Net cash used in operations for the three months ended March 31, 1996 was
$360,178 as compared to $459,451 for the three months ended March 31, 1995. The
decrease to cash used in operations resulted primarily from a decrease in
operating expenses paid and an increase in rent collections.
No working capital advances or repayments occurred between the Partnership and
the Local Limited Partnerships during the three months ended March 31, 1996 and
1995. The combined amount carried as due to the Partnership by the Local
Limited Partnerships was $12,400 as of March 31, 1996. Future advances made
will be charged to operations; likewise, future repayments will be credited to
operations.
Distributions received from Local Limited Partnerships represent the
Partnership's proportionate share of the excess cash available for distribution
from the Local Limited Partnerships. As a result of the use of the equity
method of accounting for the Partnership's investments, as of March 31, 1996,
investments in all four Local Limited Partnerships had been reduced to zero.

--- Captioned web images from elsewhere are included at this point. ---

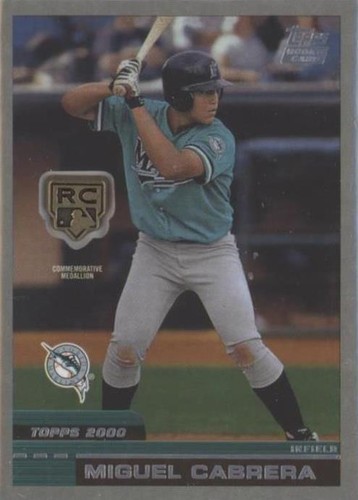 2020 Topps - Miguel Cabrera #RCR-MC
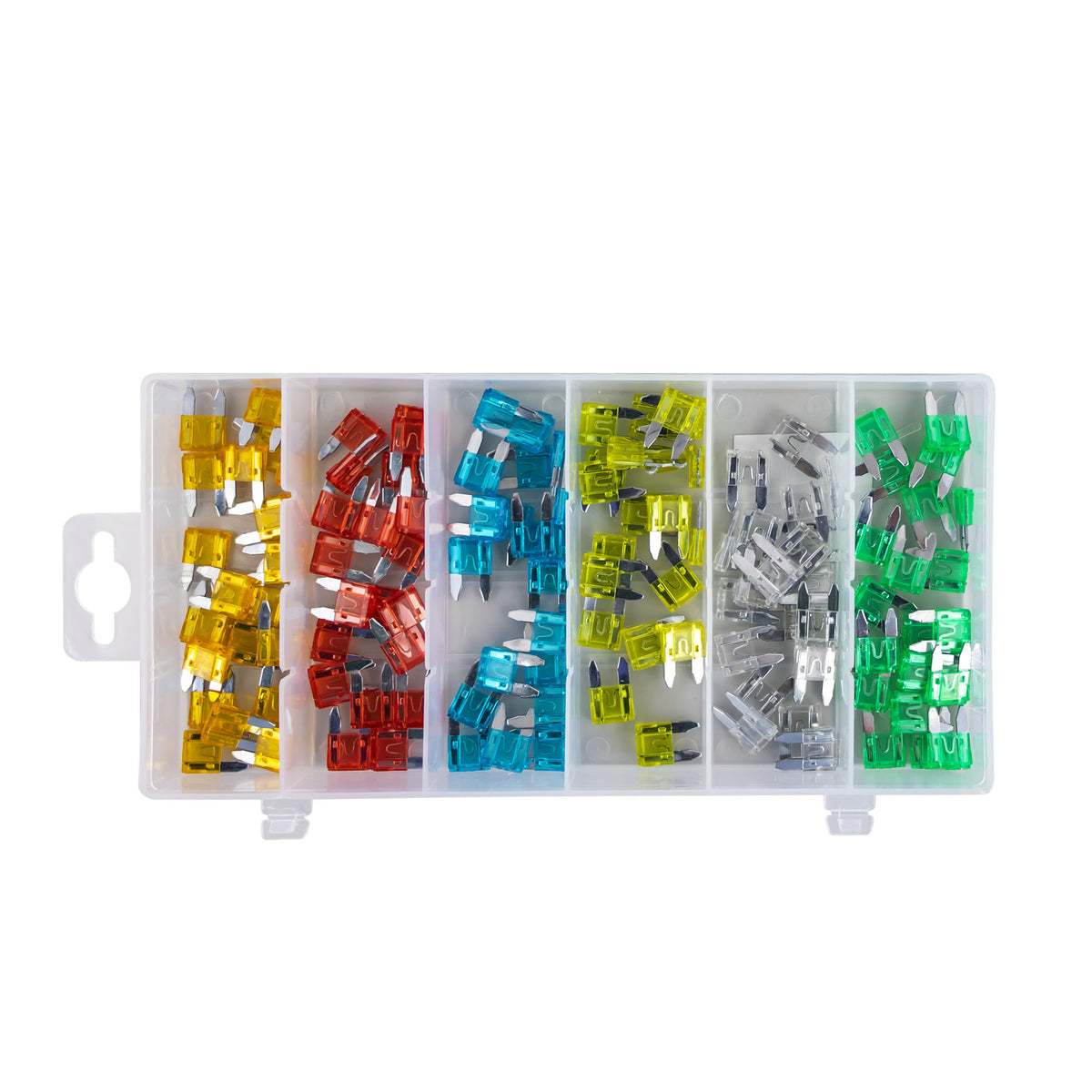 ASTUCCIO DI FUSIBILI MINI | 53355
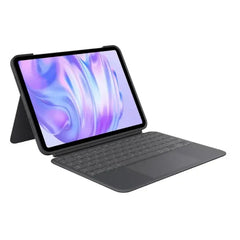 Logitech Combo Touch Keyboard Case for iPad Pro 11" (M4 Chip) (920-012659) - Graphite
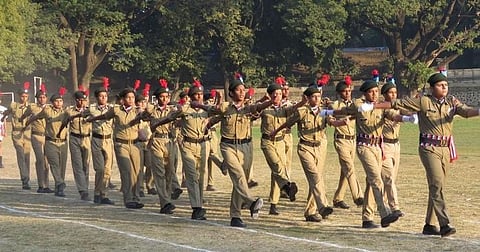 10-day NCC camp organized by 10 Assam Battalion NCC concludes successfully in Dibrugarh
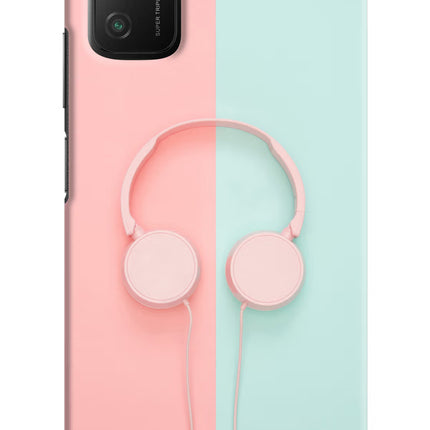 Music Lover Poco M3 Hard Case Back Cover by Casekaro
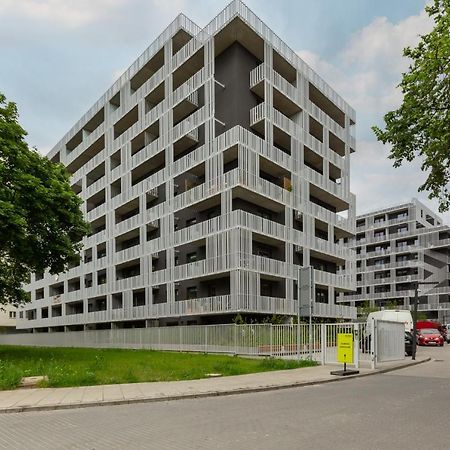 Stacja Wola Apartment Guminska By Noclegi Renters Warsaw Ngoại thất bức ảnh
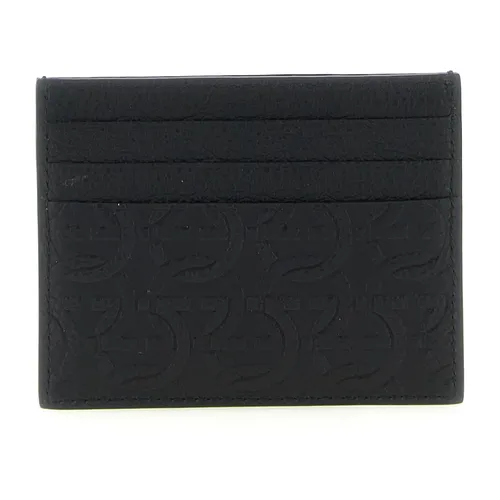 Accessories > Wallets & Cardholders - - Ferragamo - Modalova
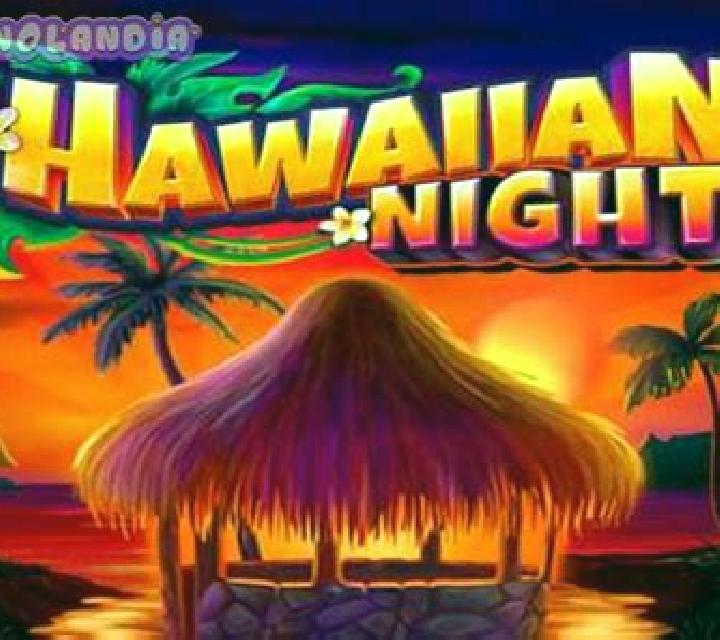 Hawaiian Night slot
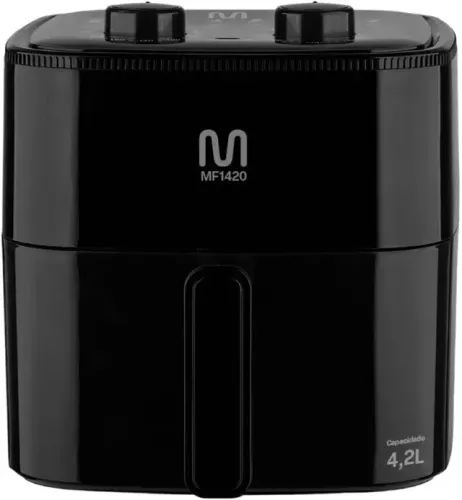 Fritadeira Sem Óleo Air Fryer Multi MF1420 - Praticidade na Cozinha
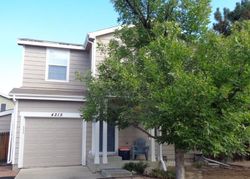 Pre-foreclosure Listing in W KENYON AVE DENVER, CO 80236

For these investments, cash distributions received are recorded as
distributions received in excess of investment in Local Limited Partnerships.
There were no distributions during the three months ended March 31, 1996 and
1995. The receipt of distributions in future quarters is dependent upon the
operations of the underlying properties of the Local Limited Partnerships.
Cash and cash equivalents amounted to $44,082 at March 31, 1996. The ability of
the Partnership to meet its on-going cash requirements, in excess of cash on
hand at March 31, 1996, is dependent on operations of Trinity Apartments,
distributions received from the Local Limited Partnerships, and proceeds from
the sales or refinancing of the underlying Properties. As of March 31, 1996,
the Partnership owes the General Partner $1,020,059 for administrative and
reporting services performed. During the three months ended March 31, 1996, the
General Partner made a payment on behalf of Trinity Apartments of $667,201 as a
condition of a new mortgage modification agreement effective March 15, 1996. As
of March 31, 1996, the Partnership owes the General Partner
-10-
<PAGE> 12
NATIONAL HOUSING PARTNERSHIP REALTY FUND IV
(A MARYLAND LIMITED PARTNERSHIP)
MANAGEMENT'S DISCUSSION AND ANALYSIS OF
FINANCIAL CONDITION AND
RESULTS OF OPERATIONS
$1,926,486 plus accrued interest of $1,250,679. The payment of the unpaid
administrative and reporting fees and advances from the Partnership and NHP to
the Local Limited Partnerships will most likely result from the sale or
refinancing of the underlying Properties of the Local Limited Partnerships as
defined by the Partnership agreement, rather than through recurring operations.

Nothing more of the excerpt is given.